読書の利益についてはよく言われるが、不利益についてはあまり言われない。せいぜいエロや暴力を描いた「有害図書」の青少年への影響を、ヒマなおばさんたちが時々騒ぐくらいなものである。しかし、一見真面目な本のほうがかえって有害なこともある。「有害図書」のほうは、読むほうも最初からその気で読むから案外害はないものだ。本当に有害なのは、真面目な本の体裁を取って人を迷わせる言説をなす本である。新興宗教の本や、自分の人生を語って「生きる道」を人に説く本の類がそれだ。

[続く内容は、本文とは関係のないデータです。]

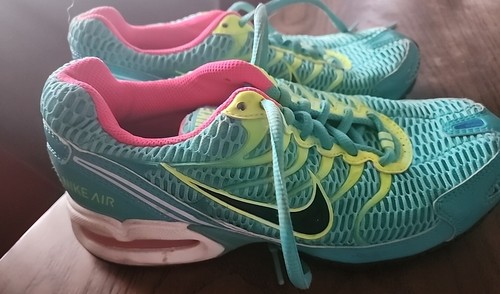 Nike Air Max Torch 4 Womens Size 7 Hyper Jade - 第 3/20 張圖片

とくに、自分は悪の道から更生して、こんな立派な人間になりましたという自己宣伝の本が案外ベストセラーになったりするのは困ったことで、世間の青少年に、罪を犯してもいつでもリセットできるじゃないかと世間を甘くみる考えを植え付けてしまう。「美徳は切り売りできない」とはバルザックの名言だが、犯罪の被害者のことを考えれば、犯罪者には処罰を与えるべきであり、安易に「更生」されては被害者の立つ瀬はない。一度犯した罪は、どのようにしても消えるものではないと考えるべきなのである。たとえ、その人間が再起して教師になろうが司法試験に受かって弁護士になろうが、他人に説教できる資格などない。まあ、そんなのに感動する人間も人間だが。
世間の人間が権威に弱いことは驚くほどで、学者とか宗教家とか弁護士とか大会社社長の発言だとありがたく拝聴し、それに騙される。それこそが読書の弊害だろう。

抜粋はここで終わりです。